# Fine toplogy

1. Aug 19, 2011

### attardnat

In R, we know that fine topology is equivalent to the Euclidean topology as convex functions are continuous.

Now if instead of R we consider a subset of it say [0,1], the fine topology induced on [0,1] would it be equivalent to the Euclidean topology induced on [0,1] ?

Thanks once again

2. Aug 20, 2011

### Landau

What do you mean by 'equivalent' topologies?

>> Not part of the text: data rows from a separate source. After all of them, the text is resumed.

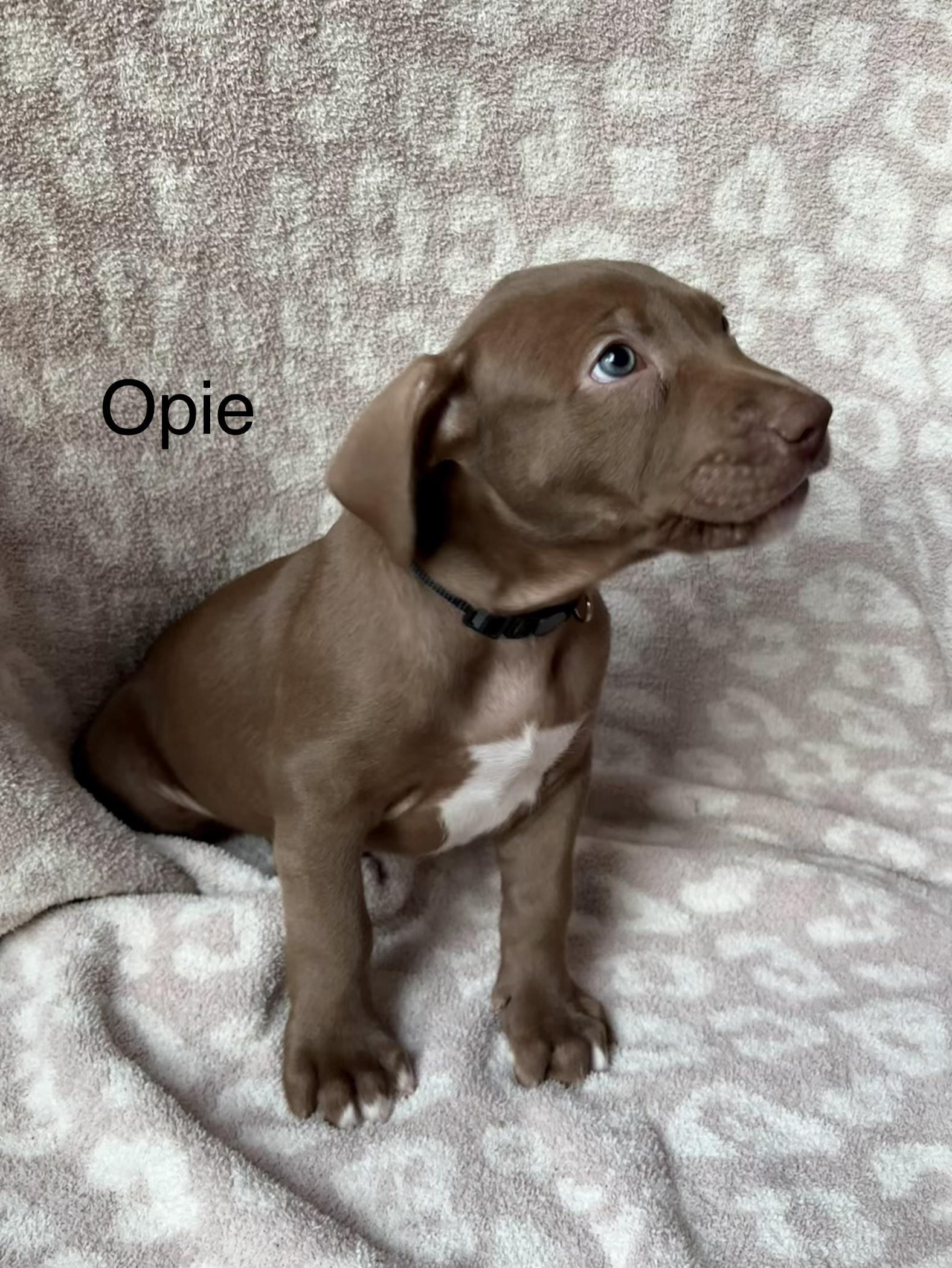 OPIE, a Adoptable mixed breed in Discovery Bay, CA image 3/3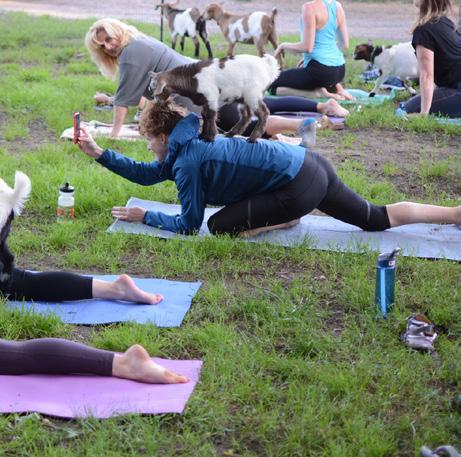 free entertainment Junior Livestock Auction Yoga with Goats July 26 - Kent Barn, 6:30pm Presented by WhyYoga -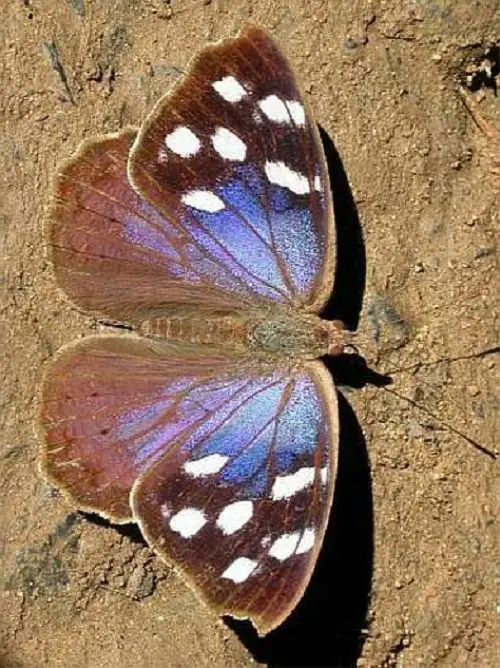 Black and Blue Butterflies 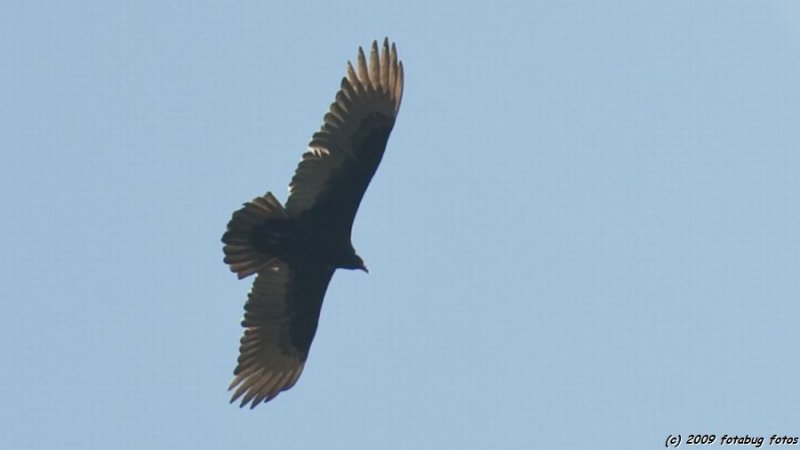 Turkey Vulture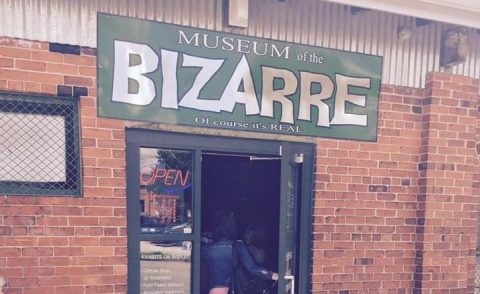 The Museum Of The Bizarre In North Carolina Is Not For The Faint Of Heart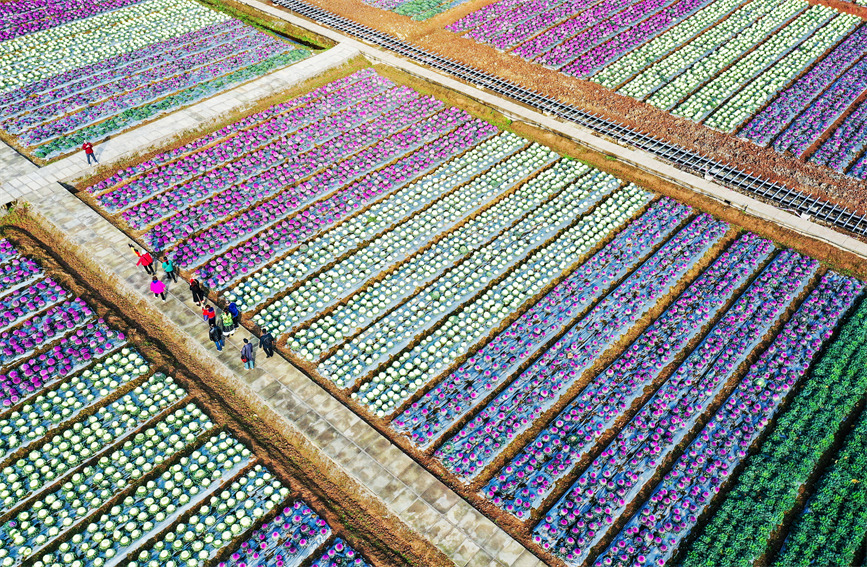 四川泸州：姹紫嫣红 农业园区变景区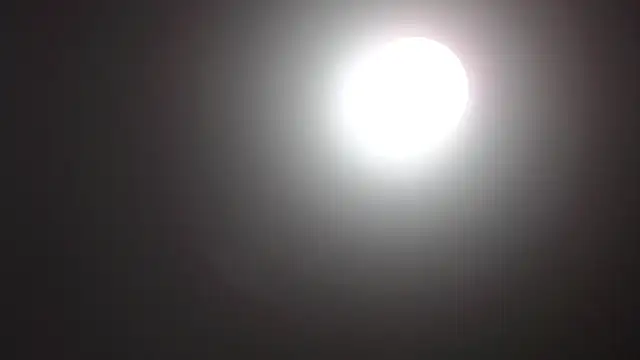 Catherine Walker online show from 14, 12, 2025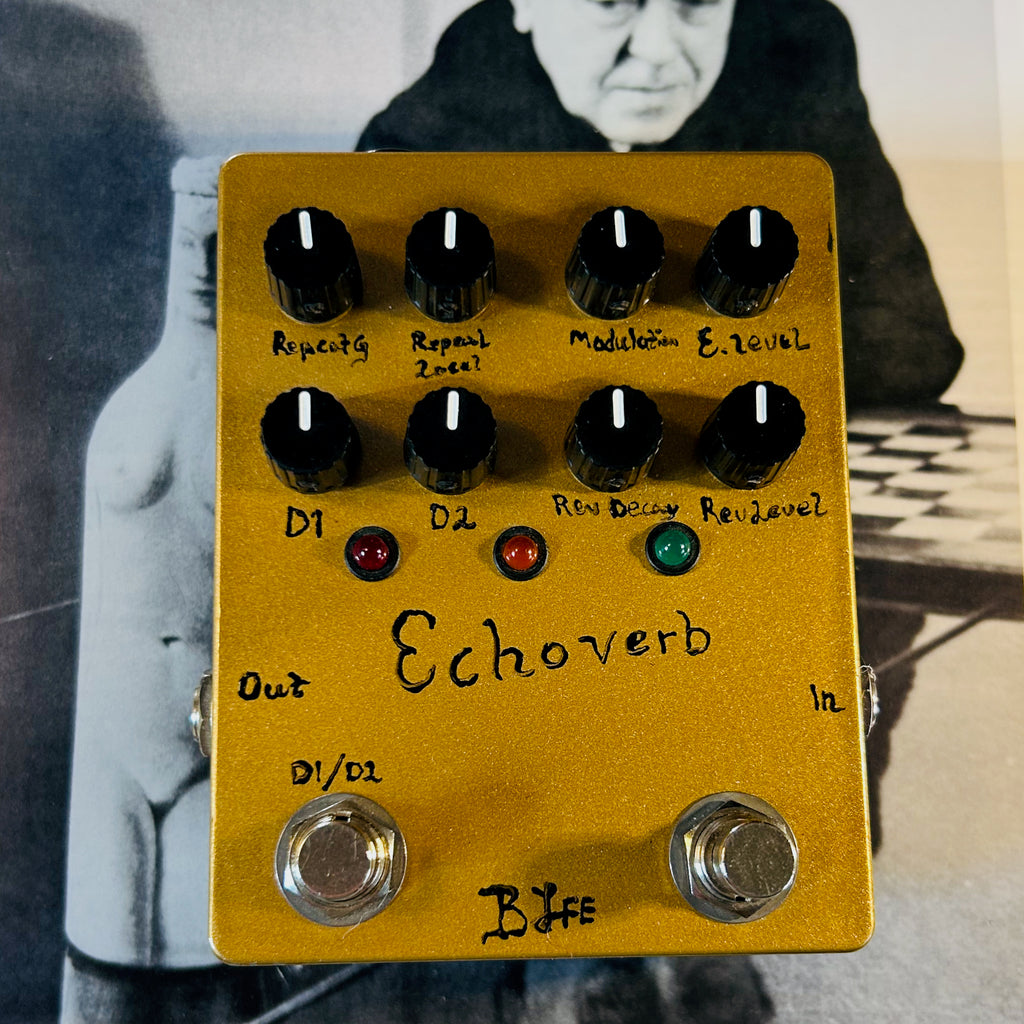 EchoVerb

I am not familiar with the fine topology, but if by equivalent topologies you simply mean 'the same topology' (i.e. the same open set), then it is of course a tautology.

3. Aug 20, 2011

### attardnat

yes i mean the same topology.
Convex functions on [0,1] are discontinuous at the boundaries so I don't understand how they generate the same topology as continuous functions.

4. Aug 20, 2011

### Landau

Ah, so by 'induced on [0,1]' you don't mean the subspace topology. Could you define the fine topology for me? Is it the initial topology on X w.r.t. all convex functions X->R?

5. Aug 21, 2011

### attardnat

I am not sure if i understood you well (as I'm not very much familiar with topology)

What I am trying to ask is the following: convex functions on R generate the fine topology and convex functions on R are the continuous functions so obviosly they generate the same topology. But since on [0,1], convex functions are not continuous, can they generate the same topology?